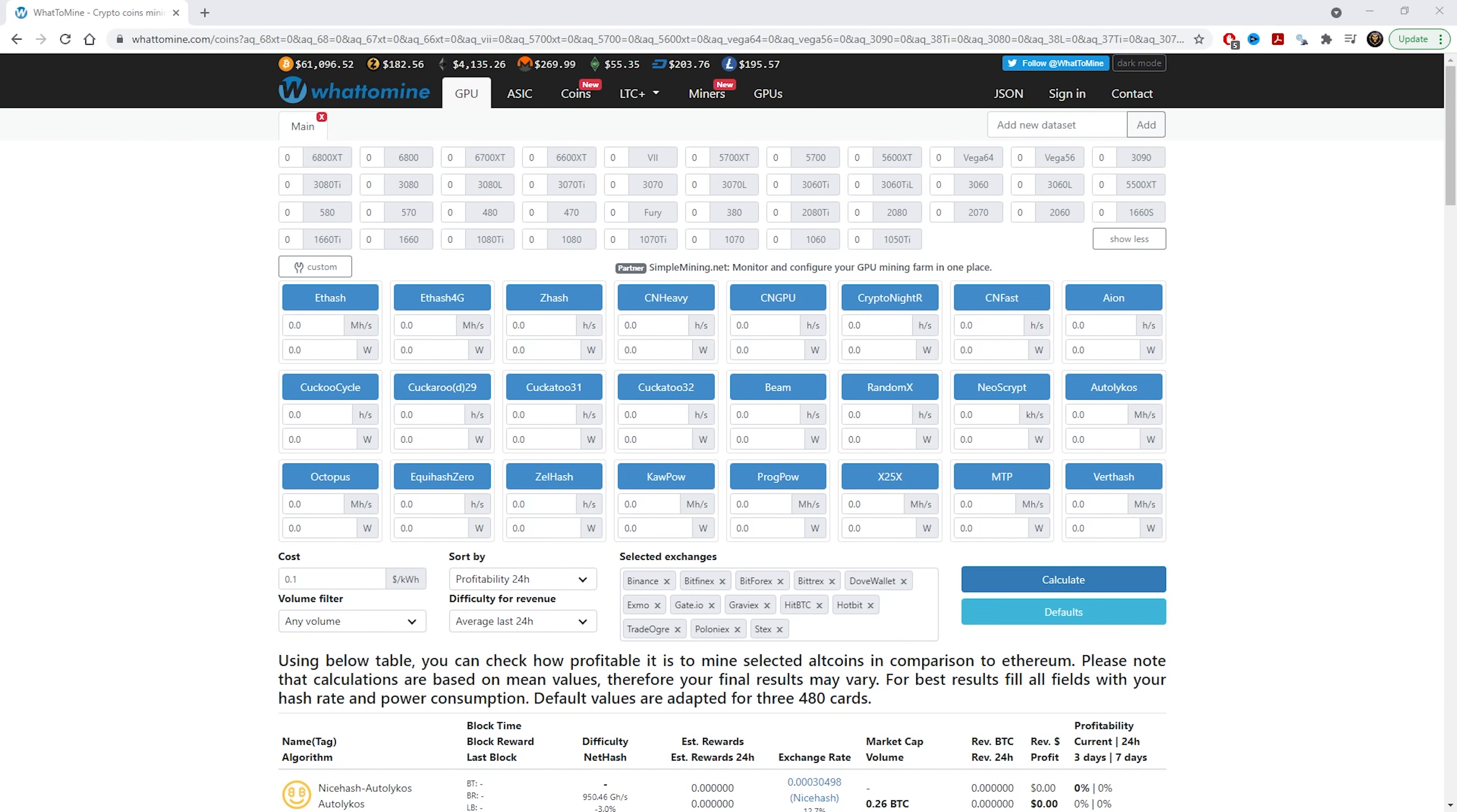Hey guys, what is up? Inspire here, and I hope you're all having a fantastic day today. In this video, I'm going to show you how to calculate your profitability on your GPUs or how to calculate your return on investment.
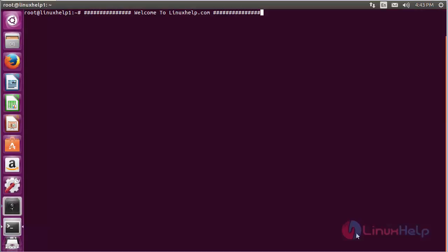Welcome to LinuxHelp.com. In this session, I'm going to show you how to install OpenLP on Ubuntu 16.04.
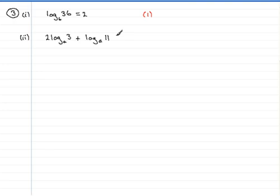So again, you might like to pause the video, come back when you're done and see if you've got the same answer as myself. If not, the tutorials on logs and log laws may help you to simplify this.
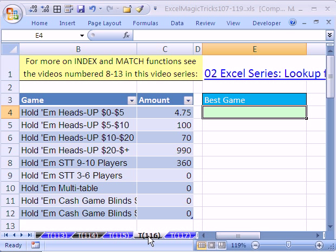Welcome to Excel Magic Trick number 116. If you want to download this workbook and follow along, click on my YouTube channel, then click on my college website link, and you can download the workbook Magic Trick 107 to 119.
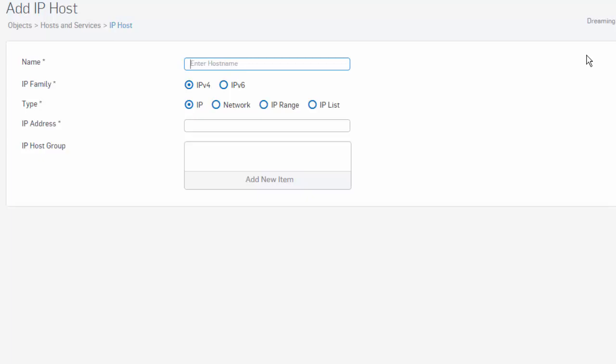Here, we can create our IP host objects, which support both IPv4 and IPv6, and can be used to define a single IP address, an entire network, ranges of IP addresses, or a list of IP addresses.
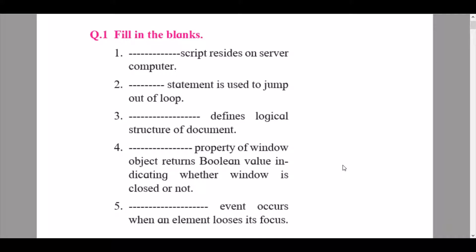Hi everyone, welcome back to the IT and psychology YouTube channel. Today we are going to be discussing the solutions for the exercise of the third chapter of IT, that is advanced JavaScript.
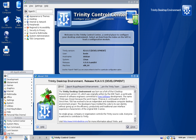The Trinity Desktop Environment is a fork of K Desktop Environment 3.5, organized and led by Timothy Pearson, who had coordinated Kubuntu Remixes featuring KDE 3.5 after Kubuntu switched to KDE Plasma 4.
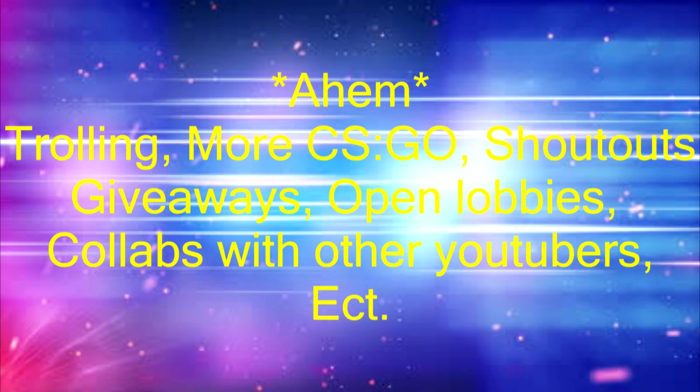In addition to this, I've also got plenty of great series planned for the future. And once I've reached 100 subs, I will start having open lobbies so I can play with the subscribers a little more.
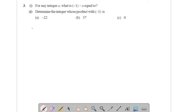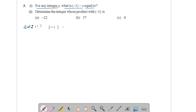Now come to question number 3, first part: for any integer a, what is (-1) into a? If you multiply any number by -1, you will get -a, where a is an integer. Your answer is -a.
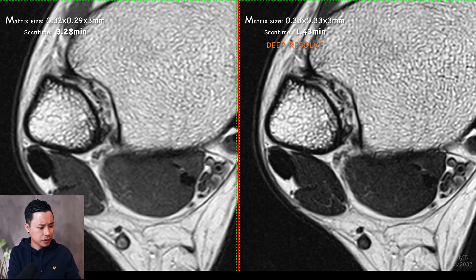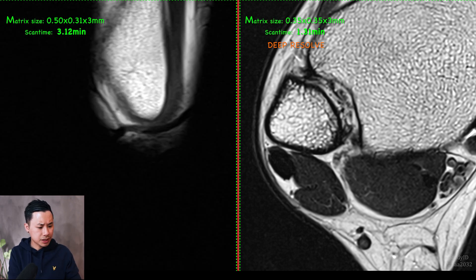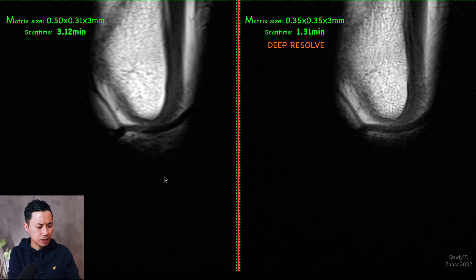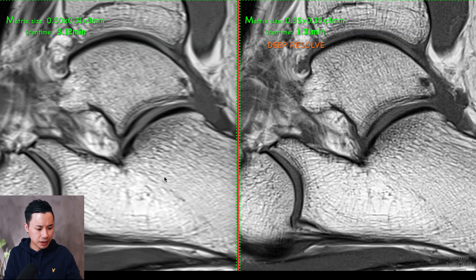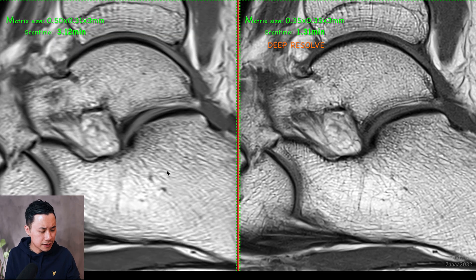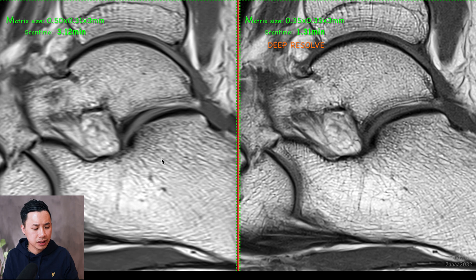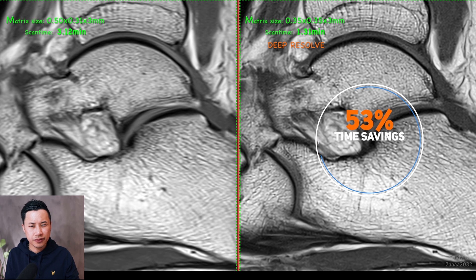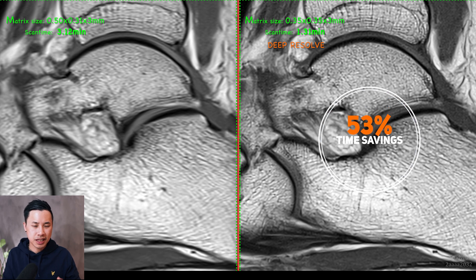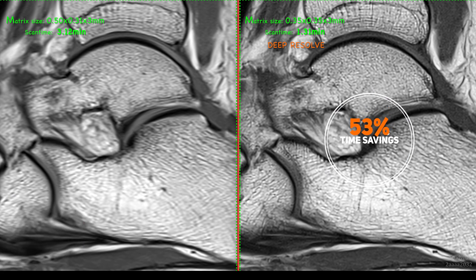Let me show you another one right here. This is a T1, and these images are very zoomed in right now. On the left side, DeepResult is not applied, and on the right side DeepResult is applied. The scan time difference between these two is around 53% saved scan time.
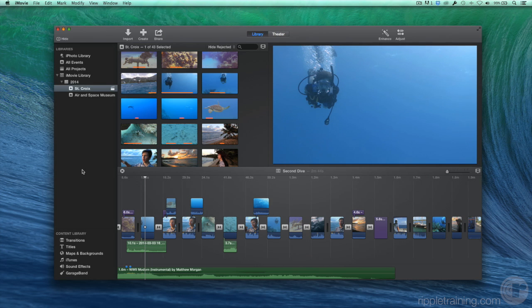To get started, let's take a look at iMovie's interface and basic workflow. Here, I've opened a library that contains some video and projects so we can see all the parts of the interface populated with content.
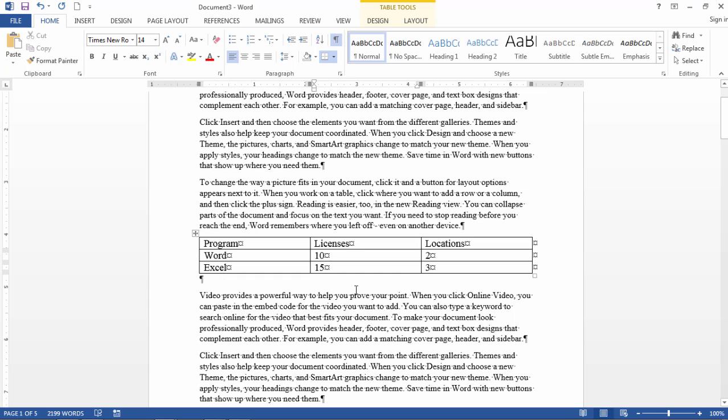In this video I'd like to take a look at how to add additional rows in a table in Microsoft Word.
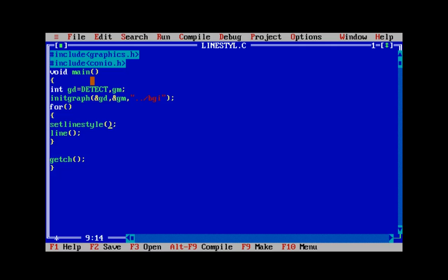The third parameter is the thickness and you can give any value as per your convenience. Now let's start setting the parameters. For the first parameter we shall give the loop control variable since we are iterating through the various line styles. The second parameter, let's leave it as zero, and thickness maybe two.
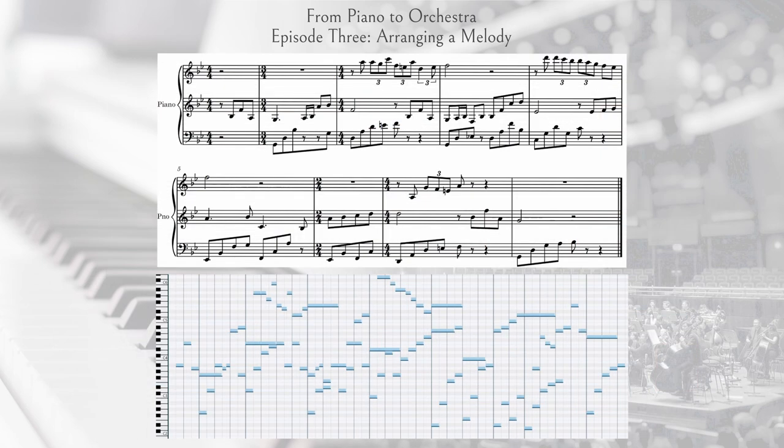One of the most obvious features of this counter line is that it's registrally placed much higher than the main melody, which helps separate these lines into two distinct ideas. The contour of the line in a way responds to the main melody, almost like a call and response — the main melody features a large ascending pattern, and the counter line is mostly moving downward. Rhythmically, the counter line stands out as it features mostly triplet rhythms against eighth notes in the melody.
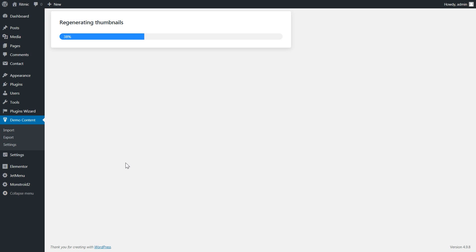Then wait for the regenerating thumbnails to be done, and you're all set. You have installed another skin on your WordPress website.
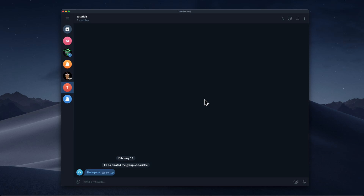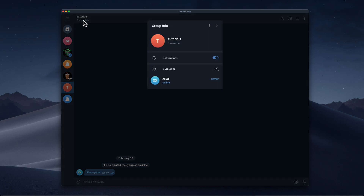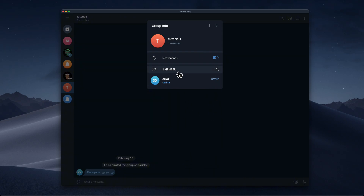Hello everyone. In today's video I'm going to show you how to transfer Telegram group members to another group. The first step is to simply open your group and then click to see all the members. Let's say you want to transfer the members from this group to another group.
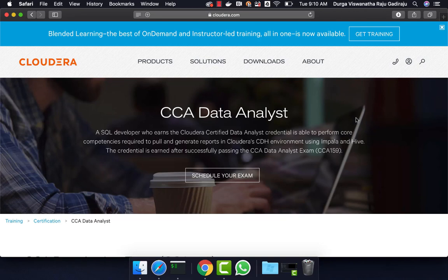Hello friends, this is Durga from ITVersity. This video is part of a course called CCI Data Analyst in which Hive, Scoop, and Impala are covered quite extensively. If you want to learn any of these technologies or prepare for this certification, you can enroll for our course for $10 by going to the information in the description. Also, we provide something called Big Data Developer Labs — if you want to sign up for the labs and practice, click on the link in the description. If you are not subscribed to our channel yet, please do so and click the notify button so that you get notified whenever we create free content.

§

Taking the entries above, copy word for word the lines from the one with "The Trinity Desktop" up to and including the one with "In this video I'd", without any picture.

The Trinity Desktop Environment is a fork of K Desktop Environment 3.5, organized and led by Timothy Pearson, who had coordinated Kubuntu Remixes featuring KDE 3.5 after Kubuntu switched to KDE Plasma 4.
In addition to this, I've also got plenty of great series planned for the future. And once I've reached 100 subs, I will start having open lobbies so I can play with the subscribers a little more.
Now come to question number 3, first part: for any integer a, what is (-1) into a? If you multiply any number by -1, you will get -a, where a is an integer. Your answer is -a.
Let me show you another one right here. This is a T1, and these images are very zoomed in right now. On the left side, DeepResult is not applied, and on the right side DeepResult is applied. The scan time difference between these two is around 53% saved scan time.
To get started, let's take a look at iMovie's interface and basic workflow. Here, I've opened a library that contains some video and projects so we can see all the parts of the interface populated with content.
In this video I'd like to take a look at how to add additional rows in a table in Microsoft Word.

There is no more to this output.